Try it → An exact reproduction of the records is required, with all images left out.

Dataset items

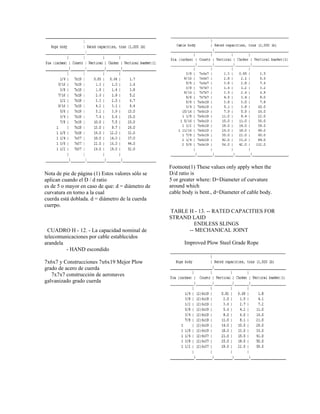 norma-osha-29-cfr-1926-espanol.pdf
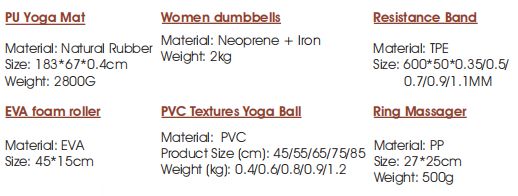 Набор для растяжки на искусственном коврике для йоги Набор для растяжки на искусственном коврике для йоги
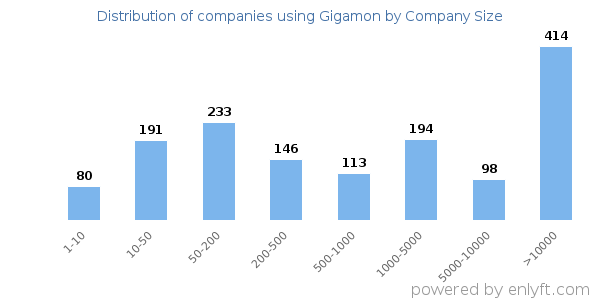 Companies using Gigamon, by size (number of employees)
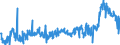 KN 28352930 /Exporte /Einheit = Preise (Euro/Tonne) /Partnerland: Ver.koenigreich /Meldeland: Eur27_2020 /28352930:Trinatriumphosphat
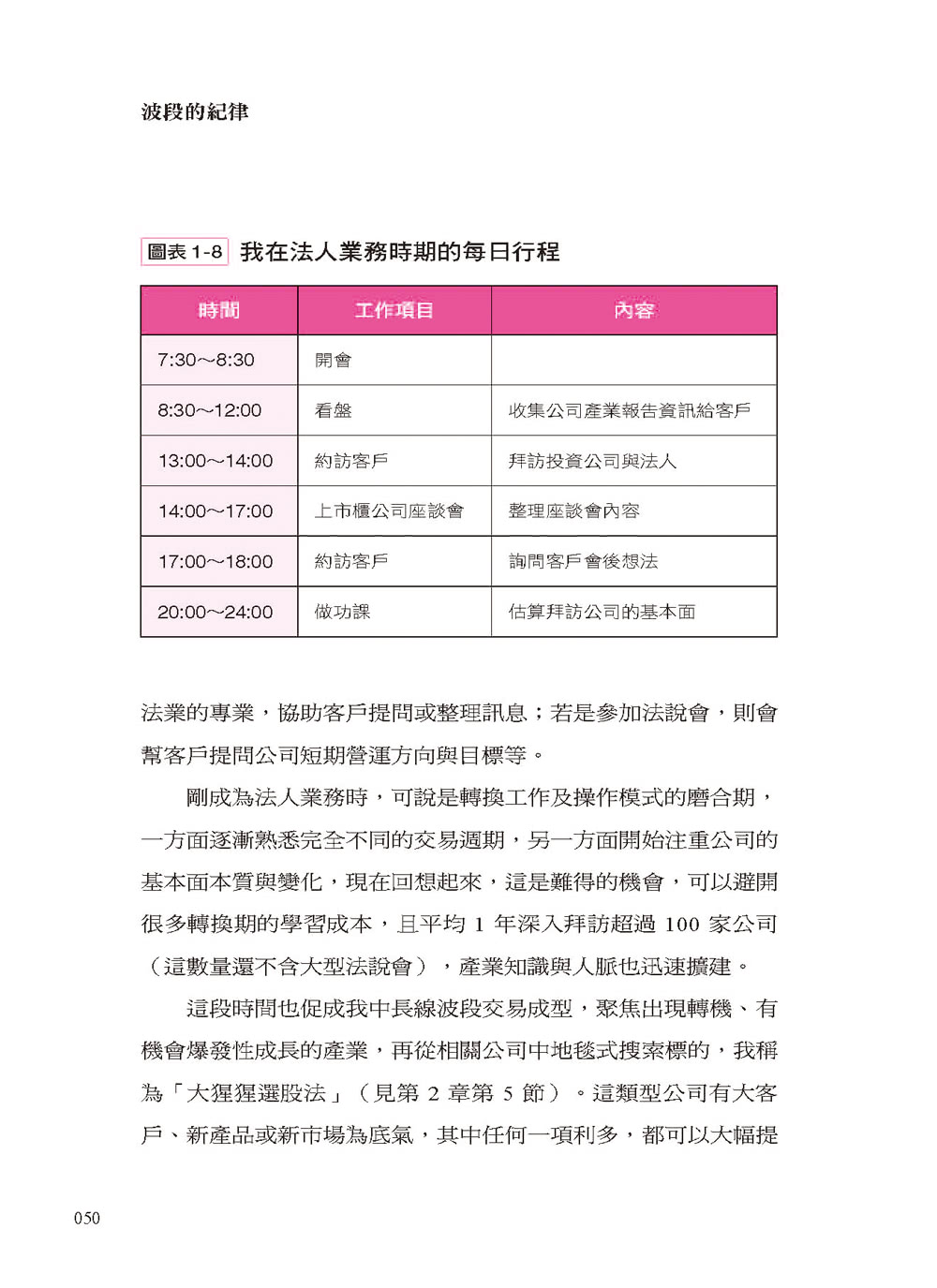 波段的紀律：我在海龜操盤手訓練、法人交易現場學到的進場、加碼、退場紀律 守住紀律獲利至少50％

Your solution →
 norma-osha-29-cfr-1926-espanol.pdf
 Набор для растяжки на искусственном коврике для йоги Набор для растяжки на искусственном коврике для йоги
 Companies using Gigamon, by size (number of employees)
 KN 28352930 /Exporte /Einheit = Preise (Euro/Tonne) /Partnerland: Ver.koenigreich /Meldeland: Eur27_2020 /28352930:Trinatriumphosphat
 波段的紀律：我在海龜操盤手訓練、法人交易現場學到的進場、加碼、退場紀律 守住紀律獲利至少50％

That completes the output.